Monday, September 08, 2008

Implications and expectations

On Sunday afternoon, we had coffee with our neighbours. They have an eight year old with a few as yet undefined learning difficulties, who is somewhat behind on his development. Nevertheless, his mother asked him to offer my husband a slice of cake from a large plate containing several slices. "Keep it level," she said, "Well done."

I was struck by the fact that (a) she started from an expectation that he would succeed and (b) she couched the guidance positively. Not "Mind you don't tip/drop/break it." What to do, as opposed to what not to do.

It put me in mind of the the things we hear people say to their children:

  • Mind you don't...
  • You're going to fall off there
  • Don't spill it
  • You're going to bump your head on that corner
  • Don't drop those
  • Don't mess
  • Don't splash
  • Put your shoes on or you'll cut your feet (a favourite in England, while we barefoot Africans wonder what on earth there is to cut your feet on in this green-and-thornless land)
We're always starting from an expectation of failure and warning against it.

I wonder how often we unconsciously even build that in to our learning resources for adults. Many of our clients seem to be trying to move towards a more positively couched, empowering design for learning resources, but even so, I think it sneaks in unnoticed. Think about:
This is an assessment that will tell you what you already know and where you need to focus your attention.
Wow! Personalised learning! But hang on. Suppose we start each module with a single sentence that says this module/section covers xyz and is aimed at users who abc. Maybe, just maybe the users are smart enough to figure out for themselves whether the module/section is something they need.
What you have learned in this section can be applied in xyz situations and will benefit you in abc ways.
Ooh! Skills transfer. Application. But suppose we asked the user to think about situations in which the material can be applied and what the benefits of these might be.

Just a thought.

3 comments:

V Yonkers said...

My husband came from the "negative" reinforcement upbringing whereas I came from a "positive" reinforcement. Growing up I heard things such as "of course you can. Can't is not a word we use in this house", and "you don't know unless you try."

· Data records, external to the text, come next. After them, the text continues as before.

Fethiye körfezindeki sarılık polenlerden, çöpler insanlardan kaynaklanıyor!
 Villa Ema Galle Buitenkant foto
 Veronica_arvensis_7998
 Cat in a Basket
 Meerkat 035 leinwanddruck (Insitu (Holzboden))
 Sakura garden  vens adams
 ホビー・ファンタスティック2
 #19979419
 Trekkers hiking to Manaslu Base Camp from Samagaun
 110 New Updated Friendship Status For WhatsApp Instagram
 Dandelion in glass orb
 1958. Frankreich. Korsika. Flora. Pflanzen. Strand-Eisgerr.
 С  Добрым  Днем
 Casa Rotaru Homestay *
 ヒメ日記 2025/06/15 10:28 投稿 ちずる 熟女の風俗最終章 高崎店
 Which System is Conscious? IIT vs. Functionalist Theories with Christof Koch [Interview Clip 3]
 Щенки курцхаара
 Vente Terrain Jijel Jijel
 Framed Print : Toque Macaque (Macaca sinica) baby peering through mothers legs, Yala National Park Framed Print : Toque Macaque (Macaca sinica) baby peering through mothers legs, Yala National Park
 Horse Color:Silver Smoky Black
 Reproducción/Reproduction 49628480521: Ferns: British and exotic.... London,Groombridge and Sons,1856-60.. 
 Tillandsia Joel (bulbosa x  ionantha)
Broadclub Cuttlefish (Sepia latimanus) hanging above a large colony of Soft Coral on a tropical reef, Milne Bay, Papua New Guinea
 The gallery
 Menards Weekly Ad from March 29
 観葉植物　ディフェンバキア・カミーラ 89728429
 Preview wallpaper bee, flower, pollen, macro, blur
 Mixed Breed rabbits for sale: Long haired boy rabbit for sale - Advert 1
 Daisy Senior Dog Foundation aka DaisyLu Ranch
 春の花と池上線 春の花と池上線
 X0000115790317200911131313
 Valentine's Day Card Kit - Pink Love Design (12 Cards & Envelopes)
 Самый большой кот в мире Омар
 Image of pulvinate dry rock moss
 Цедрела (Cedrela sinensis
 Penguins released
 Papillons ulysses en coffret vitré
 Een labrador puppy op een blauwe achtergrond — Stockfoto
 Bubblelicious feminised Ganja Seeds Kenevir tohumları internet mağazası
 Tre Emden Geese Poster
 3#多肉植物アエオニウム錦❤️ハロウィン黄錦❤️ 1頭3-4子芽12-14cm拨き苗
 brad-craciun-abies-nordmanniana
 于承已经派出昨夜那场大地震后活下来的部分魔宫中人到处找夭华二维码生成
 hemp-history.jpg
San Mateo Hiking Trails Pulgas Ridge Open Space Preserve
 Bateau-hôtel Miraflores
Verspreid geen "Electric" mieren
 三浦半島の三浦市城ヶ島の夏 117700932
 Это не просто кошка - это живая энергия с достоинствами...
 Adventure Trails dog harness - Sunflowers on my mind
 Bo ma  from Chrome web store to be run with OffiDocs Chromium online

The only time I get upset with my kids is when they can't answer the questions, "So what happened, what did you learn from that, and what will you do differently next time?" This has always been difficult for my husband to understand and he often is saying, "can't" and "don't do that".

I find the difference between his outlook and mine is that he is a much more negative person and tends to be very hard on himself when really it is circumstances outside of his control that have contributed to his failure. On the other hand, I fear my children are growing up to not take enough responsibility for their own actions when there is failure. It is a delicate line to walk!

LearningAnorak said...

It's a tough job alright... if you're doing it properly!

Peter Clitheroe said...

Then of course there's always the tendency to hear the most intersitng words in a sentence loud and clear and base action on those words alone. Inevitably they will be the words that immediatly follow "Don't". Then we wonder why kids do the opposite of what we tell them!
A brilliant riding instructor taught my daughters years ago, on the the principle of catching them doing it right then asking them to feel how it is to be getting it "spot-on".
It was inspiring, as a so-called learning expert, just to watch, listen and learn from her.